The `ab_test` function performs statistical analysis to compare outcomes across different groups in an A/B testing framework.


- **`data`**: The dataset to analyze, provided as a Pandas DataFrame. It should contain at least two columns: one for grouping (e.g., experimental vs. control groups) and one for the outcomes of interest (e.g., conversion rates, scores).

- **`group_column`**: A string specifying the name of the column in `data` that contains the group labels. This column is used to differentiate between the groups involved in the A/B test (e.g., 'group').

- **`value_column`**: A string indicating the name of the column in `data` that contains the values or outcomes to be analyzed (e.g., 'outcome'). These values are the focus of the statistical comparison between groups.

- **`control_group`**: (Optional) A string specifying the label of the control group within the `group_column`. This argument is essential when the analysis involves comparing each test group against a common control group to assess the effect of different treatments or conditions.

- **`alpha`**: (Optional) A float representing the significance level used in the statistical tests. The default value is `0.05`, which is a common threshold for determining statistical significance. Lowering this value makes the criteria for significance stricter, while increasing it makes the criteria more lenient.

- **`handle_outliers`**: (Optional) A list specifying the method and strategy for handling outliers in the `value_column`. The first element of the list is the method ('IQR' for interquartile range or 'Z-score'), and the second element is the strategy ('remove', 'impute', or 'cap'). If `None`, no outlier handling is performed.

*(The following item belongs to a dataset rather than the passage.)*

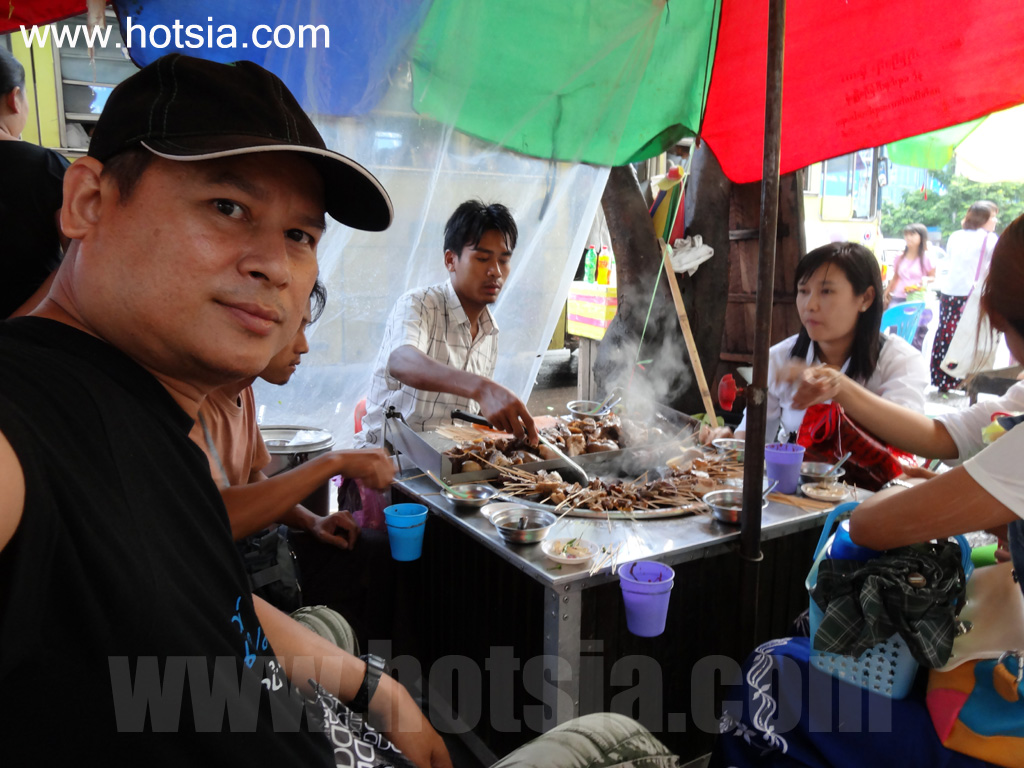 เที่ยวย่างกุ้งพม่าด้วยตัวเอง อาหารข้างถนนในย่างกุ้ง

  - `IQR`: Identifies outliers based on the interquartile range. Typically, values below Q1-1.5*IQR or above Q3+1.5*IQR are considered outliers.
  - `Z-score`: Identifies outliers based on the Z-score, with values typically beyond 3 standard deviations from the mean considered outliers.
  - `remove`: Outliers are removed from the dataset.
  - `impute`: Outliers are replaced with a specified statistic (e.g., the median).
  - `cap`: Outliers are capped at a specified maximum and/or minimum value.

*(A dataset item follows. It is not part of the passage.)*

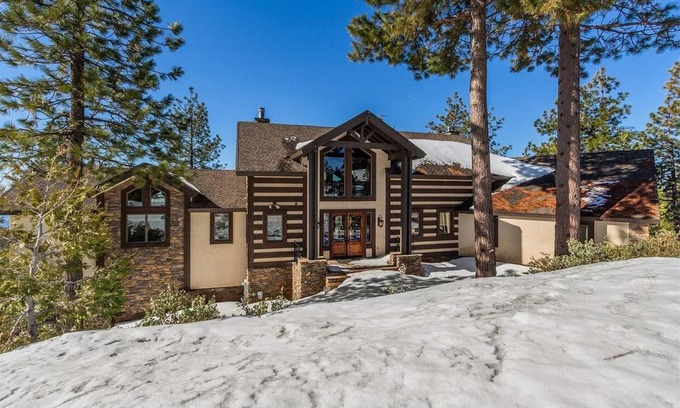 Sierra Cedars Cabin | Peak of Perfection at Bretz Mountain III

- **`mc_correction`**: (Optional) A string specifying the method for multiple comparisons correction when conducting multiple statistical tests. This argument is critical for controlling the family-wise error rate or the false discovery rate in experiments involving multiple group comparisons. Options include:

  - `None`: No correction is applied.
  - `'bonferroni'`: The Bonferroni correction, which adjusts p-values by multiplying them by the number of comparisons.
  - `'fdr'`: The False Discovery Rate correction, which controls the expected proportion of incorrectly rejected null hypotheses.
  - `'holm'`: The Holm-Bonferroni method, a step-down procedure that is less conservative than the standard Bonferroni correction.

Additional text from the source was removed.